Com a menção específica às
pessoas jurídicas de “direito público interno” pode-se inferir que, a contrario
sensu, excluem-se da possibilidade de vir a ser tutelados, através do
tombamento, os bens pertencentes às pessoas jurídicas de direito público
externo.
o art. 3º do Decreto-lei 25/37
exclui, expressamente, de integrarem o patrimônio histórico e artístico
nacional as seguintes obras de origem estrangeira:
Art. 3º (...)
1º) que pertençam às representações diplomáticas
ou consulares
acreditadas no país;
2º) que adornem quaisquer veículos pertencentes a
empresas estrangeiras, que façam carreira no país;
3º) que se incluam entre os bens referidos no
art. 10 da Introdução ao
Código Civil, e que continuam
sujeitos à lei pessoal do proprietário;
4º) que pertençam a casa de comércio de objetos
históricos ou artísticos;
5º) que sejam trazidas para
exposições comemorativas, educativas
ou comerciais;
6º) que sejam importadas por empresas
estrangeiras expressamente para adorno dos respectivos estabelecimentos. Feitas
essas exceções, todos os demais bens existentes no território nacional, sejam
eles públicos ou privados, podem sujeitar-se ao tombamento pelo órgão federal.

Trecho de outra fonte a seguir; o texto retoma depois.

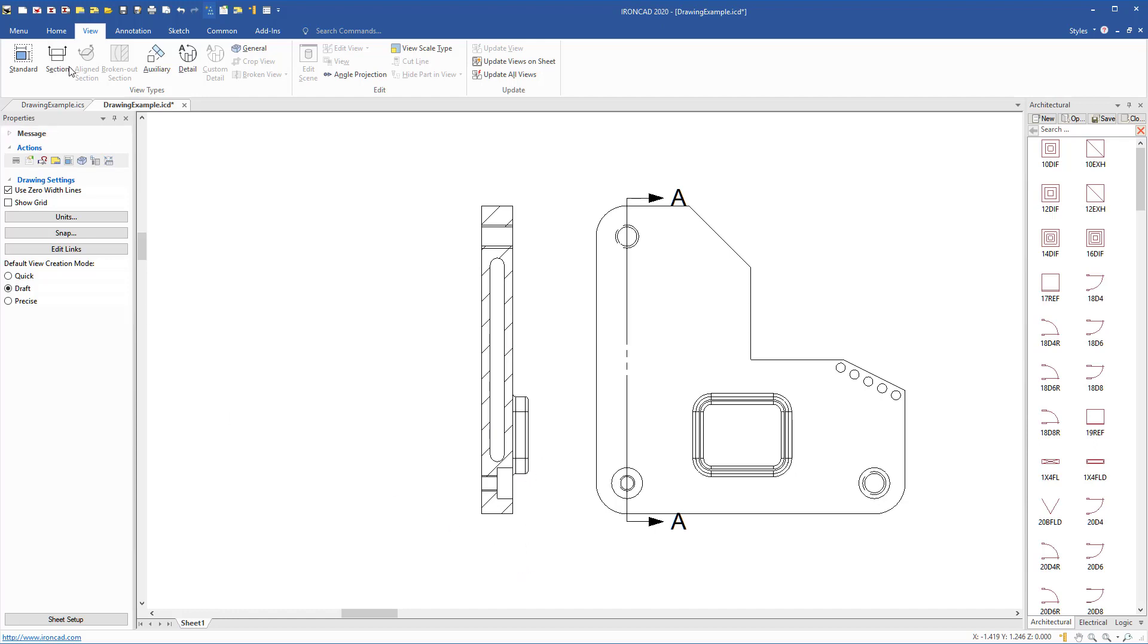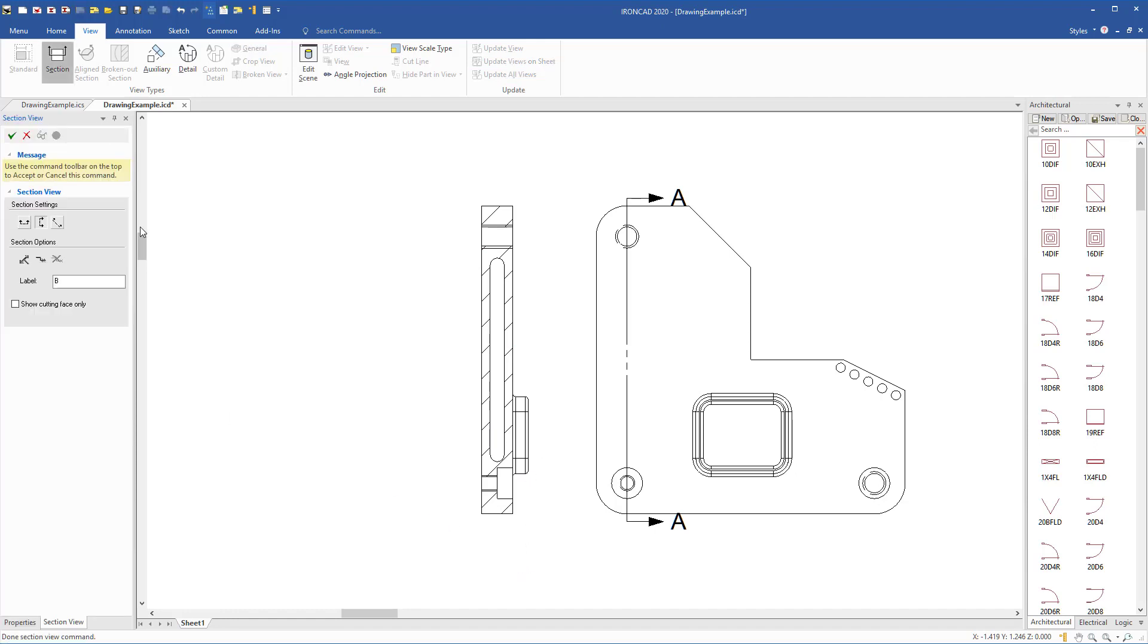If we repeat that process and create another section, I'll create it at the same location as we just did. We'll call this the B section. We'll use this option now to say show only cutting faces.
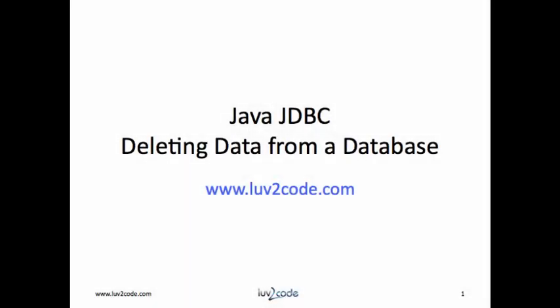Hello. In this video, you will learn how to use Java JDBC to delete data from a database.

Portanto, não há o que se discutir quanto à possibilidade jurídica de a
autoridade federal competente tombar bens pertencentes à própria União, ou pertencentes
aos Estados ou aos Municípios. A eventual existência de outro interesse federal
sobre um mesmo bem não impede, necessariamente, seu tombamento, já que não há
na lei qualquer restrição a este fato. Isto pode ocorrer quando o órgão federal
decide tombar determinada paisagem que tenha de ser modificada em função de construção
de obra pública federal. Neste caso, há duas possibilidades: ou o ministro não
homologará a decisão do Conselho à vista do outro interesse federal ou, sendo o
interesse superveniente, o assunto inserir-se-á na competência do presidente da
República, que poderá proceder ao cancelamento do tombamento, “atendendo a
motivo de interesse público”, tanto de bens públicos, quanto de bens privados
(Decreto-lei 3.866/41).
Há outra hipótese: é a de
tombamento federal sobre bem estadual que impeça a construção de obras públicas
também de interesse estadual. teria o Estado direito ao cancelamento? Aí
teríamos um conflito de interesses: o federal, de preservar; e o estadual (ou
municipal), de construir a obra pública. ocorrendo esta hipótese, o Estado (ou
Município) não teria direito ao cancelamento, pois se sobre o mesmo bem houver
conflito de interesses, prevalecerá o interesse federal sobre o interesse
estadual, e deste sobre o municipal.
Com relação a tombamento de bens
públicos, a dúvida geralmente levantada é quanto à possibilidade jurídica de Município tombar bens da União ou dos Estados,
ou de Estados tombarem bens públicos federais. Há quem argumente quanto à impossibilidade
de entidades políticas “menores” procederem à proteção de bens públicos de
entidades
“superiores”, por analogia à lei
de desapropriação. Não cabe de forma alguma este entendimento, pois seria
estender a outro instituto uma interpretação restritiva, fazendo exceção onde a
própria lei não o faz; não há qualquer razão de se fazer a transposição
analógica restritiva de um instituto (desapropriação) para outro (tombamento).(grifo nosso)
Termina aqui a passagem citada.